Dubai Investments, Dubal Holding and Singapore-based industrial group MARS have announced a joint venture to build a US$119.79 million aluminium rolling plant in the United Arab Emirites’ Khalifa Industrial Zone Abu Dhabi (Kizad).
Thirty-five percent of the joint venture, to be named Emirates Aluminium Rolling (Emiroll), will be owned by Dubal Holding, thirty percent will be held by Dubai Investments, while the remainder will be vested in MARS.
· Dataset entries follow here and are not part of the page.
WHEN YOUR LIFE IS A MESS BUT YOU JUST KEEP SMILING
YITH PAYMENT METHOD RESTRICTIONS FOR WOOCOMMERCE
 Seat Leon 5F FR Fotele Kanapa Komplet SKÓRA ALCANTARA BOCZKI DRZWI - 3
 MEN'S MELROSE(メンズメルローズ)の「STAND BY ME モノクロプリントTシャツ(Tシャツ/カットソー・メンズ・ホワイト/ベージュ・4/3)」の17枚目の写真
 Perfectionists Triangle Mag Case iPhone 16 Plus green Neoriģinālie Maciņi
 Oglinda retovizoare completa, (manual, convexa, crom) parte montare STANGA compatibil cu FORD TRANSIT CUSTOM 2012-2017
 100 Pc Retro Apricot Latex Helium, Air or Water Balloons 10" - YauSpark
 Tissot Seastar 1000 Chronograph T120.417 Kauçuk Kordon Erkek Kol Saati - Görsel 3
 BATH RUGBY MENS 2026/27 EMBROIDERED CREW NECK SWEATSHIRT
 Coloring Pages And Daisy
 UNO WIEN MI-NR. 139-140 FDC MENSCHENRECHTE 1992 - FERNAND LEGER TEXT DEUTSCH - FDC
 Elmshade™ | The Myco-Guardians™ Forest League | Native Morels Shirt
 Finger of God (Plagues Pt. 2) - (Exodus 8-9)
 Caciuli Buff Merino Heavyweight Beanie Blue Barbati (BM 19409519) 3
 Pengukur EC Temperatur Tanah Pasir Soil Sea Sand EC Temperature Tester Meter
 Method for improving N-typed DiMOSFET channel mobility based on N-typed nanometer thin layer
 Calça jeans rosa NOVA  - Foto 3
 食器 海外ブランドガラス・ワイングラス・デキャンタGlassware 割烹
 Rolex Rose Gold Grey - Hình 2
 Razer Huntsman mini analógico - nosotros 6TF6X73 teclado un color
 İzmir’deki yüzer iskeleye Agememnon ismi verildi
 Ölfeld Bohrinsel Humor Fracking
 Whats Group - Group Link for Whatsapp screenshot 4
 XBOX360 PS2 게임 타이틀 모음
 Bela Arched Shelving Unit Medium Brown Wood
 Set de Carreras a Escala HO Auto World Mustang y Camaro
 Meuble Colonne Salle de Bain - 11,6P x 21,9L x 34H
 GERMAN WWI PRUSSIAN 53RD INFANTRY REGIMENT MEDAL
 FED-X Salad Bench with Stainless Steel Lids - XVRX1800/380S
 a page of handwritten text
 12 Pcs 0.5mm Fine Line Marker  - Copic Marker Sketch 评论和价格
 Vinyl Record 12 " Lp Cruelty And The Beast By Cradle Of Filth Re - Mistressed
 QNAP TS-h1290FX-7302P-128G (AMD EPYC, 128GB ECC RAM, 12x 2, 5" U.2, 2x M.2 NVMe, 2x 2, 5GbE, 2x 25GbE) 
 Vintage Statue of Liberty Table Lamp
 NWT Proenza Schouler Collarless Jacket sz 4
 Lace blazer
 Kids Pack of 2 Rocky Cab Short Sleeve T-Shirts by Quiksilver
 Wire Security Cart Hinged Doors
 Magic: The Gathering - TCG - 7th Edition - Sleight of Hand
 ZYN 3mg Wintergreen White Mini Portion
Emiroll’s plant will be built on a 900,000-square-foot tract of land in Kizad. The plant is expected to produce 65,000 metric tons of aluminium coils per year, 45,000 metric tons of which will be cold rolled, while the remaining 20,000 metric tons will be hot rolled. Downstream applications for the plant’s product include automotive body parts, roller-shutters, garage castings, container trays, cans, and aerosols.
“Dubal Holding has kept its focus firmly on a diverse growth strategy and this joint venture with Dubai Investments and MARS for Emiroll aims at creating new demand for aluminium in the rapidly-growing downstream industries across the region,” said Abdulnasser Bin Kalban, chief executive officer of Dubal Holding.
“Dubai Investments’ foray into aluminium rolling is part of its strategy to support the development of the non-hydrocarbon sector in the UAE and boost the manufacturing sector’s contribution to the country’s gross domestic product,” explained Khalid Bin Kalban, managing director and CEO of Dubai Investments. “Emirates Aluminium Rolling aims to capitalise on the unmatched market demand for aluminium in downstream industries across the Middle East and is expected to play a major role in this direction.”
The United Arab Emirates is the world’s fourth-largest producer of aluminium and is responsible for over half of the Gulf’s aluminium production. The six countries of the Gulf Cooperation Council produce 4.5 million metric tons of primary aluminium per capita, with the UAE contributing 2.3 million metric tons to that total.